The digital world can be a dangerous place, particularly in India with its increasingly tech-based economy. The actions and inactions of companies which facilitate our use of the internet — from internet search providers to search engines and social media platforms — can trigger a wide range of harms, including identity theft, privacy violations and misinformation.
Certain harms merit more attention from regulators. These are harms that directly impair, subvert or compromise Indian constitutional values such as freedom of speech and expression, equality and democracy.
A company’s capacity to trigger such harms is directly related to what they do and how big they are. For example, companies supplying internet access through mobile or broadband networks have a limited capacity to trigger misinformation and disinformation, given they don’t directly publish content, unlike Google, Facebook and X that do.
There are various types of harms. There are cybercrimes such as identity theft, child pornography and copyright violations. Most of these fall under the category of private harms. These are addressed through criminal sanctions and usually policing is focused on individuals indulging in such crimes.
But regulators have also started to focus on platforms’ obligations to act in addressing such crimes, failing which criminal actions against them have been initiated.
The arrest of Pavel Durov, CEO of encrypted messaging app Telegram, is a clear example of this. Another kind of harm is anti-competitive practices where platforms which are also producers of goods and services may stop competing firms from entering the market. Indian authorities are trying to stop such behaviour by fining large platforms such as Google.
Yet another kind of harm relates to privacy violations, leading to individual and collective discrimination. Most social media platforms are free to use but get access to users’ data in exchange.
This data is monetised by such platforms to all kinds of companies. It can then be used by public and private actors to make decisions that may result in price discrimination, denial of access to goods and services and credit, and loss of employment opportunities.
Recently, in the UK, revoking a job offer based on a potential candidate’s social media posts was found discriminatory by the country’s employment tribunal. According to a study, personalisation based on user preferences by e-commerce platforms has resulted in widespread price discrimination for users.
Hence, such discrimination classifies as a public harm. Finally, there are harms that include deliberate online falsehoods which misinform, misguide and incite negative social action including violence and censorship.
For instance, voters can be influenced through false information.
In 2019, the Internet and Mobile Association of India announced a voluntary code of ethics that platforms adopted to regulate online content. The code was developed in response to challenges highlighted by the Election Commission of India including maintaining transparency in political advertisements.
It was adhered to during the general elections held earlier this year.
Many of these problems stem from digital platforms having long operated on the legal principle of ‘safe harbour’. This means they are not liable for actions triggered by their users.
For instance, if Google’s Chrome browser was used to illegally access copyrighted material or X was used to issue hoax bomb threats, both Google and X would be exempt from liability. This is applicable when the platforms have not initiated the transmission, selected the receiver or modified content.

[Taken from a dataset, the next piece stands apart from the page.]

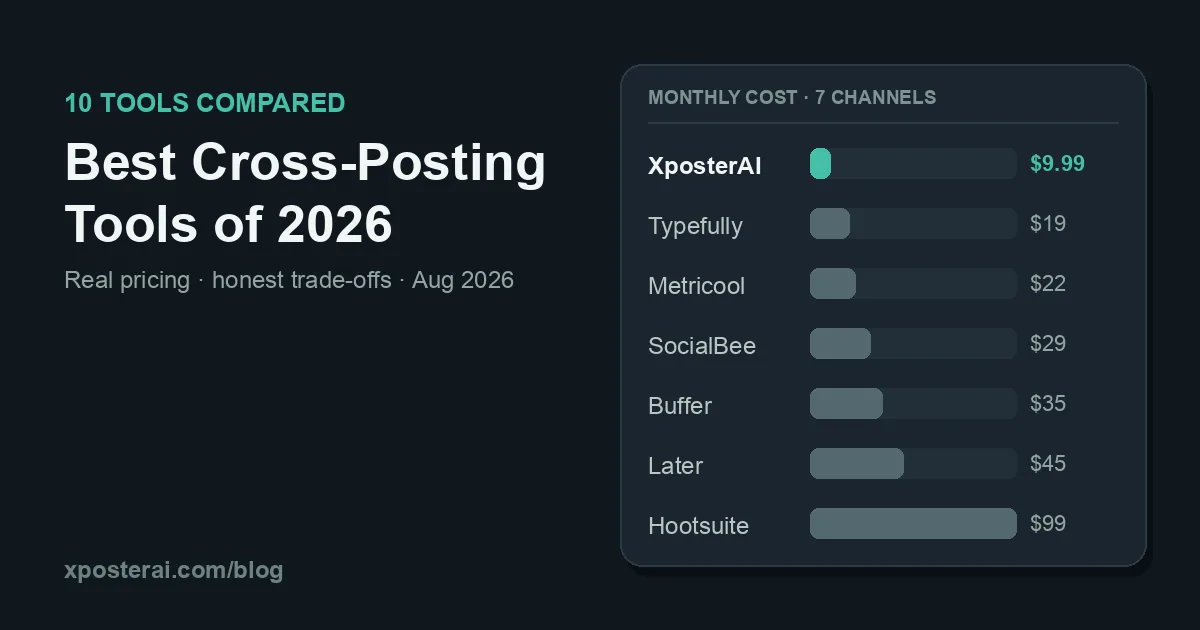 Cover image for Best Tools to Cross-Post to Multiple Social Networks (2026)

However, this exemption requires that platforms undertake due diligence as prescribed by law, including responding to courts or enforcement agencies swiftly.

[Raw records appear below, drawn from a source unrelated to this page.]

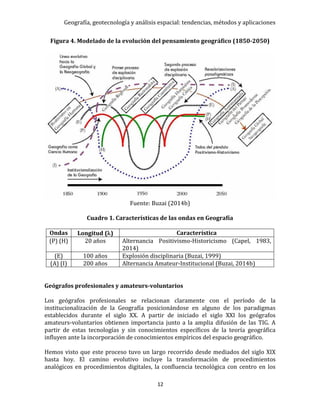 Geografía, geotecnología y análisis espacial: tendencias, métodos y aplicaciones
12
Figura 4. Modelado de la evolución del pensamiento geográfico (1850-2050)
Fuente: Buzai (2014b)
Cuadro 1. Características de las ondas en Geografía
Ondas Longitud () Característica
(P) (H) 20 años Alternancia Positivismo-Historicismo (Capel, 1983,
2014)
(E) 100 años Explosión disciplinaria (Buzai, 1999)
(A) (I) 200 años Alternancia Amateur-Institucional (Buzai, 2014b)
Geógrafos profesionales y amateurs-voluntarios
Los geógrafos profesionales se relacionan claramente con el período de la
institucionalización de la Geografía posicionándose en alguno de los paradigmas
establecidos durante el siglo XX. A partir de iniciado el siglo XXI los geógrafos
amateurs-voluntarios obtienen importancia junto a la amplia difusión de las TIG. A
partir de estas tecnologías y sin conocimientos específicos de la teoría geográfica
influyen ante la incorporación de conocimientos empíricos del espacio geográfico.
Hemos visto que este proceso tuvo un largo recorrido desde mediados del siglo XIX
hasta hoy. El camino evolutivo incluye la transformación de procedimientos
analógicos en procedimientos digitales, la confluencia tecnológica con centro en los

Here, the logic is that the architecture of the platforms does not allow for content to be checked before it is published, unlike what occurs with a traditional publisher.
However, given that platforms such as X and Facebook profit from the interactions of all their users, including those whose actions cause harm, they should share liability too.
Some harms can be linked directly to the platforms and the liability should lie solely with them. For instance, if Google prioritises its own apps over those developed by others, it creates entry barriers for competitors and stifles competition.
Lawmakers are realising this and pushing for legal accountability. In India, the rules regulating information technology have expanded due diligence obligations for social media platforms. Platforms such as Facebook with large user bases have additional legal obligations including appointing a chief compliance officer and publishing compliance reports.
It is difficult to regulate content prior to publication, however, platforms can still regulate content afterwards. Mostly, they choose not to. This is because falsehoods spread faster, capture user attention and hence drive engagement.
Platforms may also abuse their regulatory capacity to curb online speech and expression. This is usually done at the behest of the government.
Recently, the Bombay High Court prevented such an attempt by striking down an amendment to the law that would result in the establishment of a government fact check unit to identify “false, fake and misleading” information about the “business of the government”.
If the amendment had passed, the government would have had powers to compel platforms to remove information that it found inconvenient.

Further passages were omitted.